» **What the exercise asks**
Leaving the pictures aside, return the listing exactly as it appears.

» **Source data**
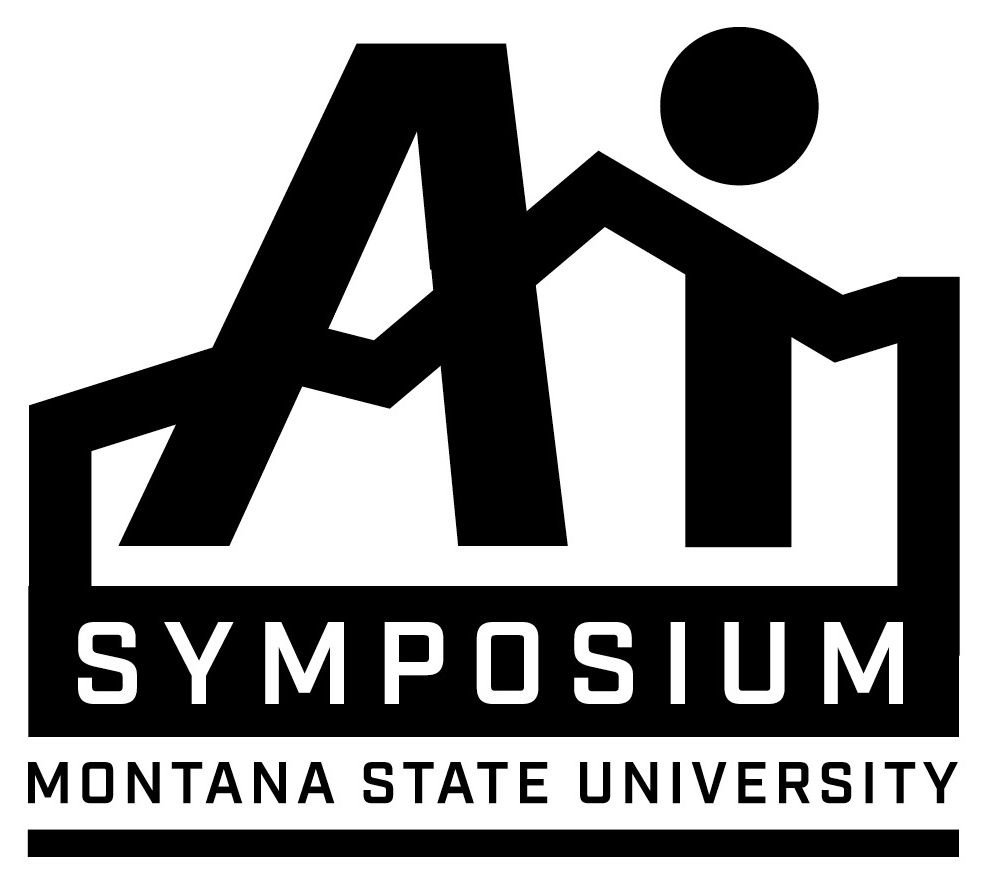 AI Symposium
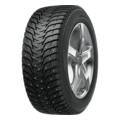 Goodride IceMaster Spike Z-506, 215/55 R16 97T XL TL 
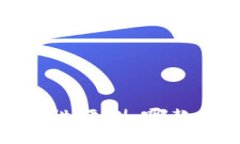 2023年最新数字安全性评测：哪款是你最可信赖的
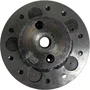 Arvore Seletora Caixa de Cambio ZF Astronic DAF Iveco ZF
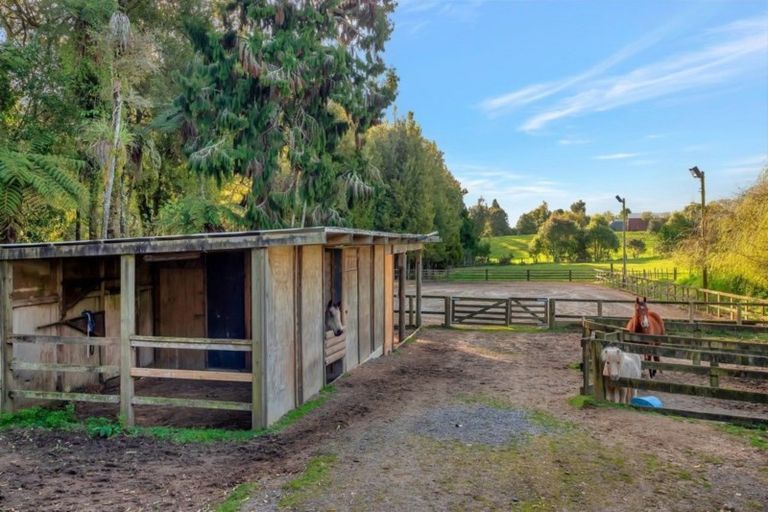 Photo of property in 1956b Pyes Pa Road, Oropi, Tauranga, 3173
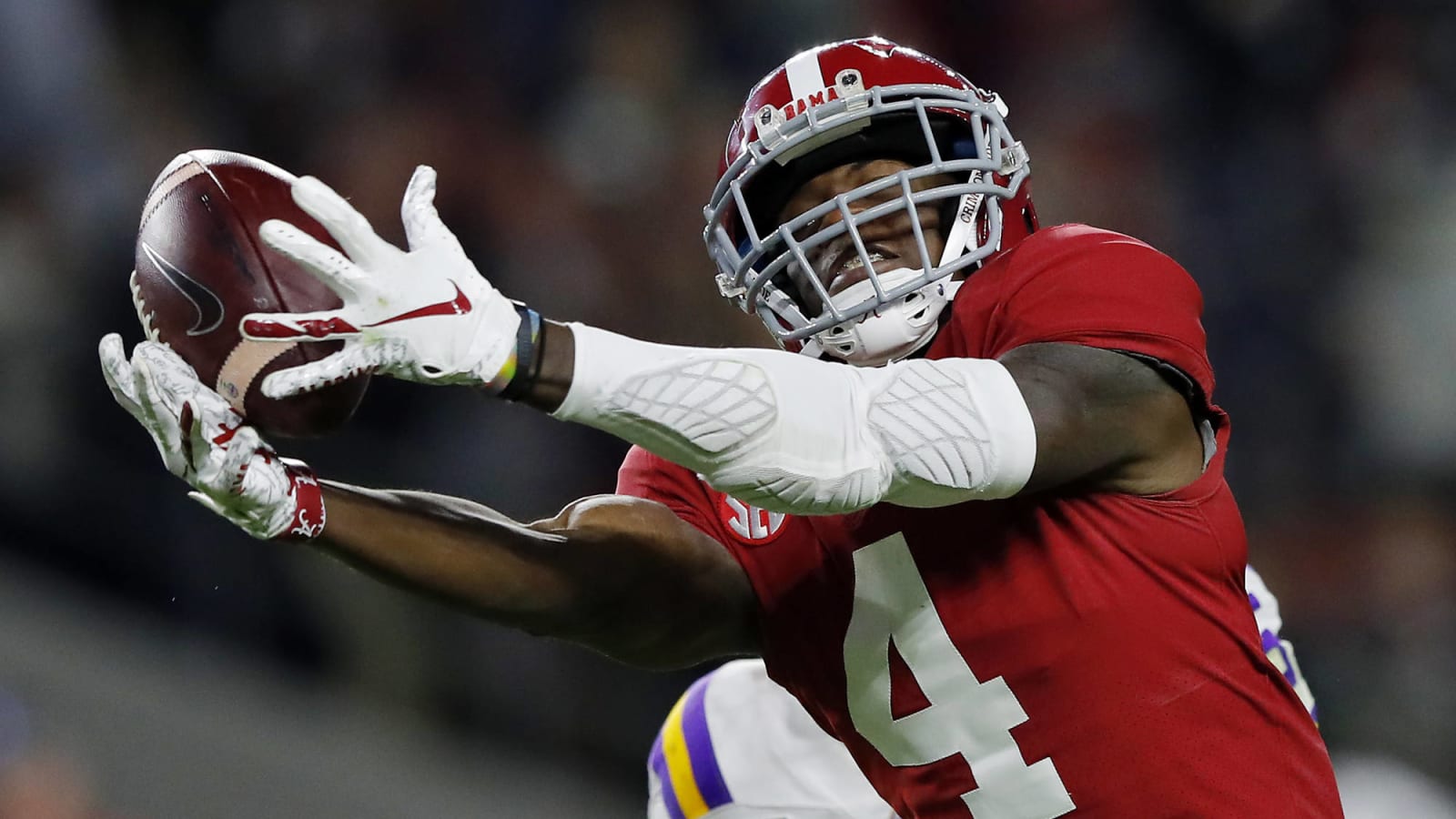 The most intriguing NFL prospects playing in 2019 bowl games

» **The answer**
 AI Symposium
 Goodride IceMaster Spike Z-506, 215/55 R16 97T XL TL 
 2023年最新数字安全性评测：哪款是你最可信赖的
 Arvore Seletora Caixa de Cambio ZF Astronic DAF Iveco ZF
 Photo of property in 1956b Pyes Pa Road, Oropi, Tauranga, 3173
 The most intriguing NFL prospects playing in 2019 bowl games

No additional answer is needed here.